• **Try it**: The line containing "caixa scaler Conjuntos" and every line after it, through the end of the records below, are to be reproduced exactly, with the pictures left out.

(Short descriptive text snippets)

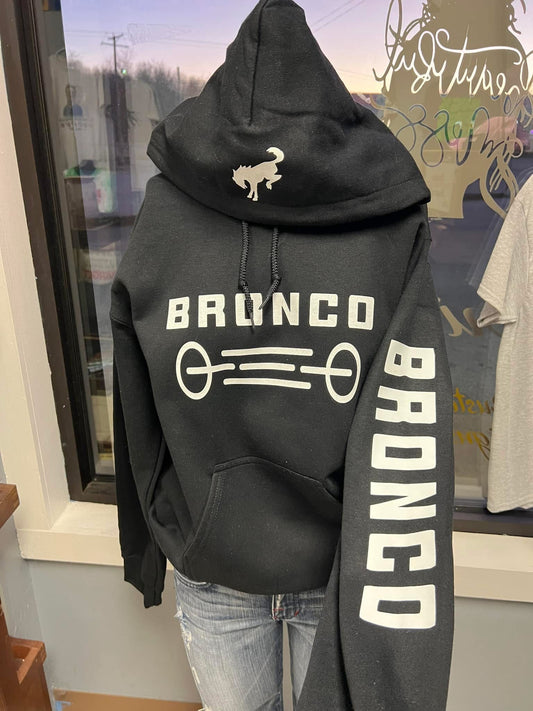 New unisex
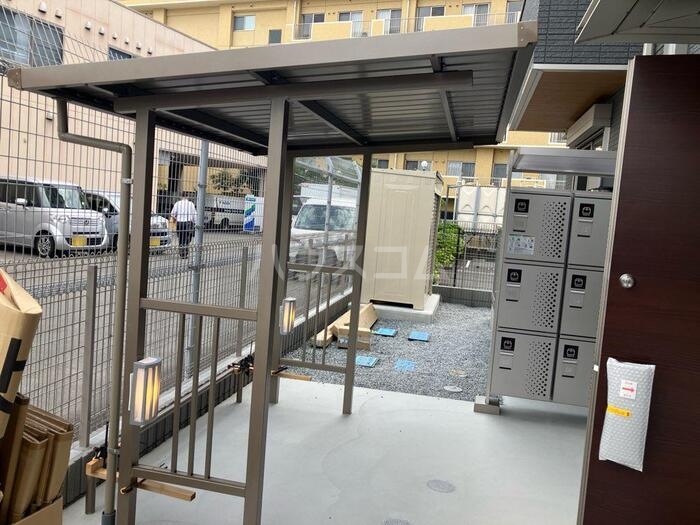 13/24 その他画像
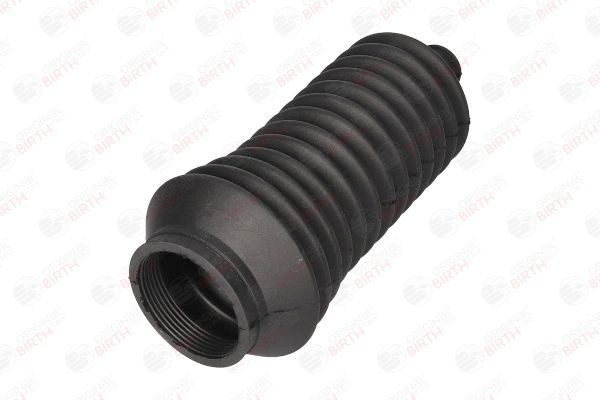 Gofruotoji membrana, vairavimas BIRTH 7409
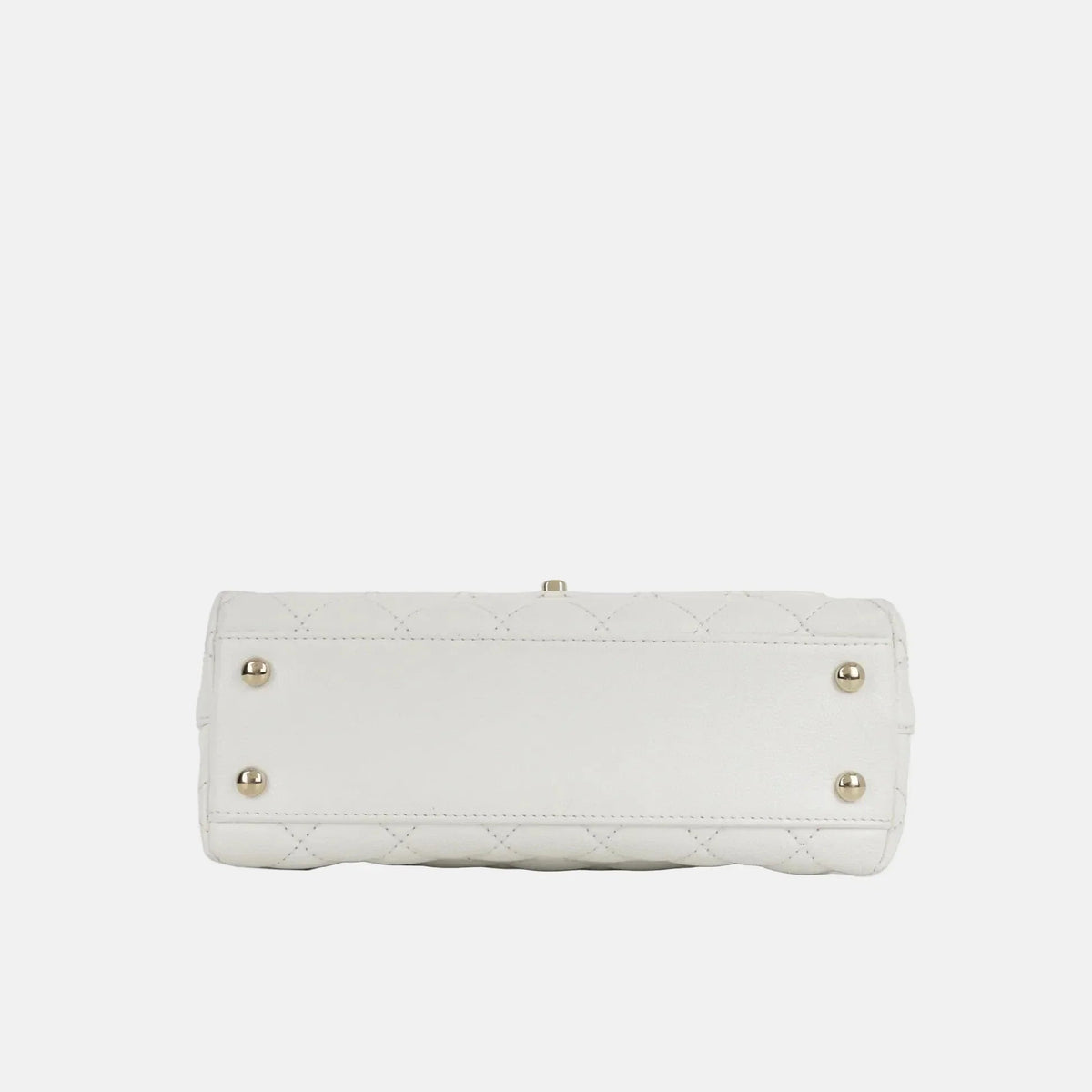 Étoile Satchel Bag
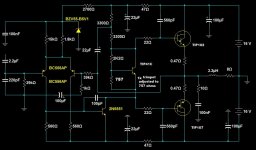 DxDc today...not the final circuit...prototype!.jpg
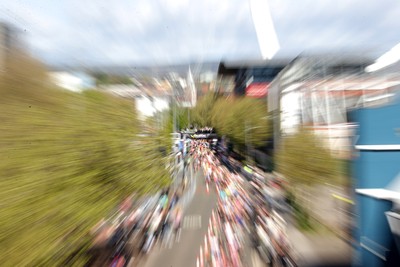 190426 - ABP Newport Marathon Festival - 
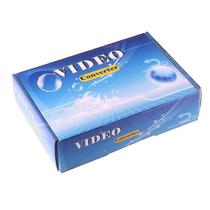 Conjuntos de acessórios de computador newkeng nk-8s scart+hdmi para hdmi 720p 1080p hd conversor de vídeo adaptador caixa scaler Conjuntos de acessórios de computador newkeng nk-8s scart+hdmi para hdmi 720p 1080p hd conversor de vídeo adaptador caixa scaler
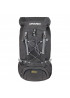 Karrimor Bobcat 65 L Rucksack Black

• **Answer for the task**:
 Conjuntos de acessórios de computador newkeng nk-8s scart+hdmi para hdmi 720p 1080p hd conversor de vídeo adaptador caixa scaler Conjuntos de acessórios de computador newkeng nk-8s scart+hdmi para hdmi 720p 1080p hd conversor de vídeo adaptador caixa scaler
 Karrimor Bobcat 65 L Rucksack Black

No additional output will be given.